-- Opening Marker --

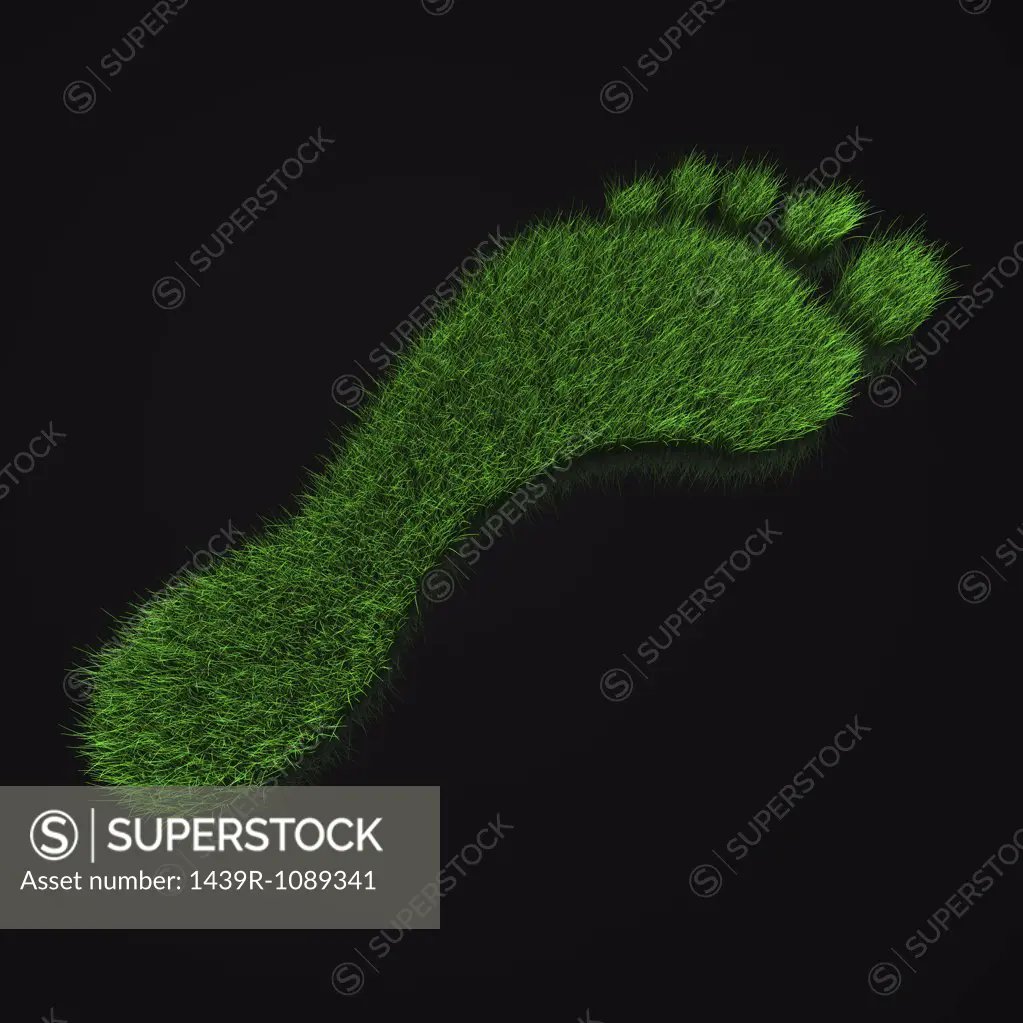 Grassy footprint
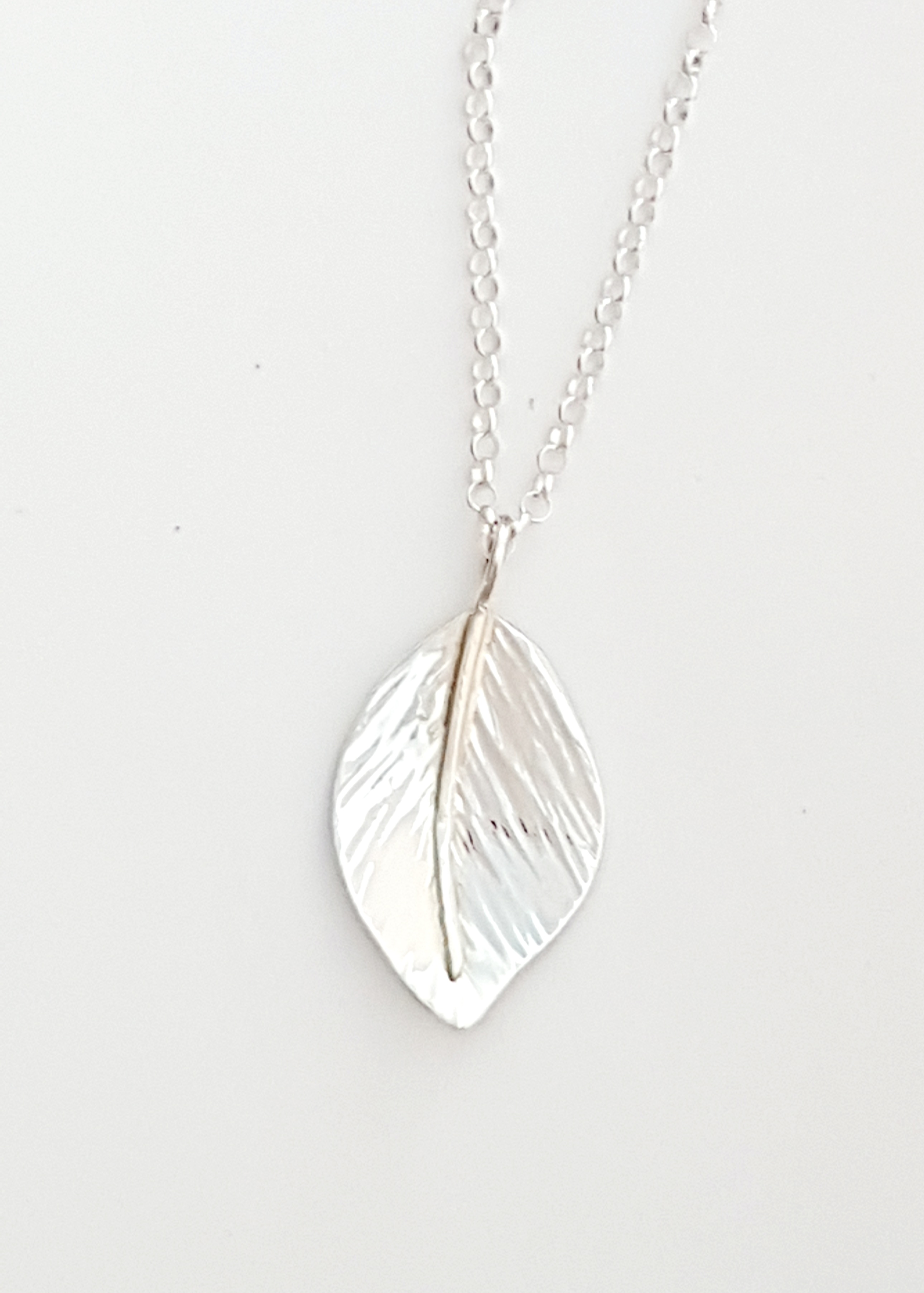 Zoomed out Photo of Silver Wild Apple Pendant
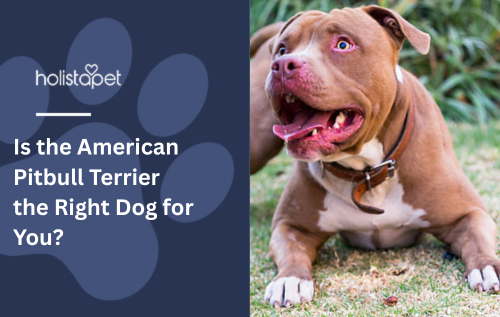 Is the American Pitbull Terrier the Right Dog for You?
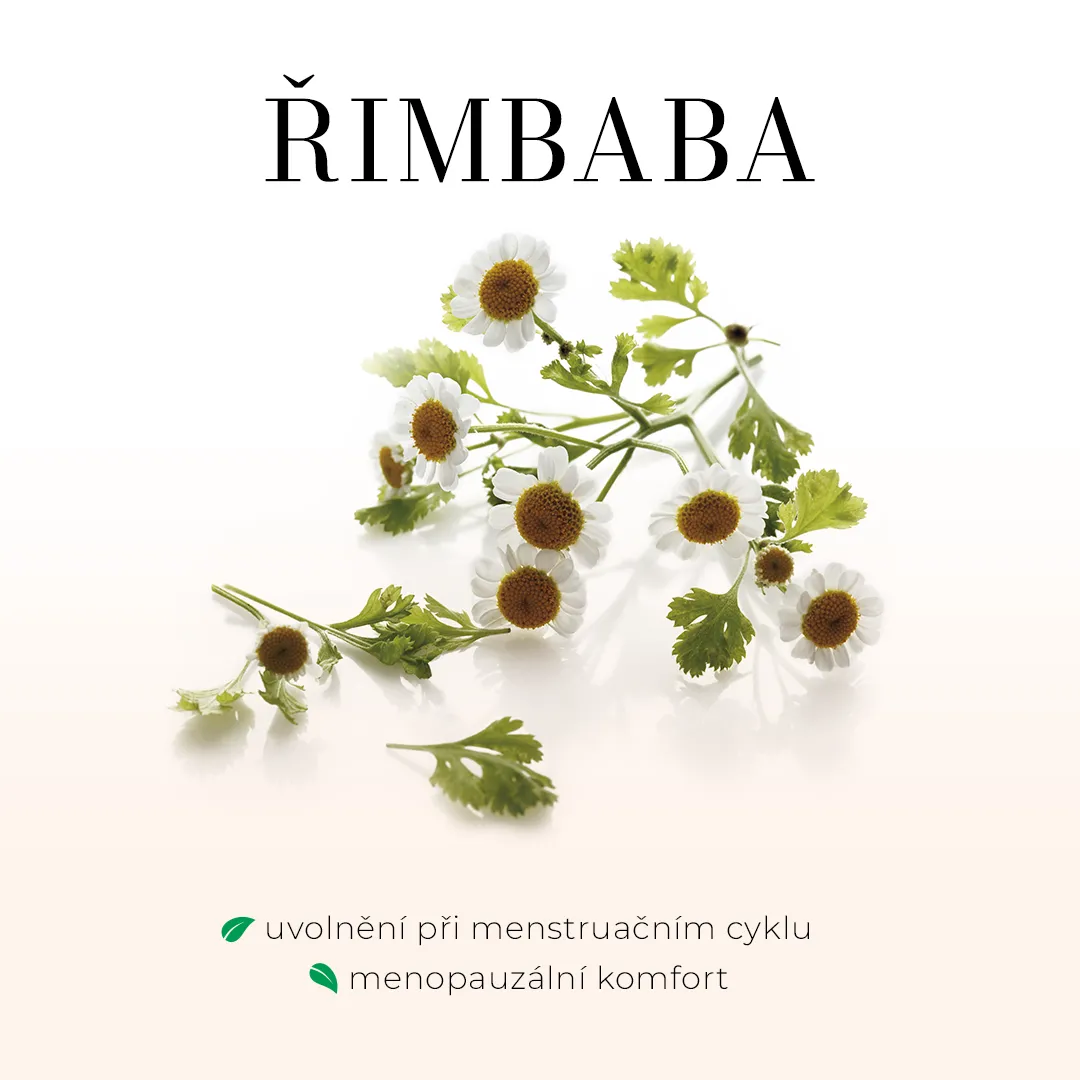 Řimbaba obecná - bezlihová tinktura 100ml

-- Closing Marker --

YOUR TASK ::
Since the pictures are not wanted, give the material again exactly without them.

SOLUTION TO THIS TASK ::
 Grassy footprint
 Zoomed out Photo of Silver Wild Apple Pendant
 Is the American Pitbull Terrier the Right Dog for You?
 Řimbaba obecná - bezlihová tinktura 100ml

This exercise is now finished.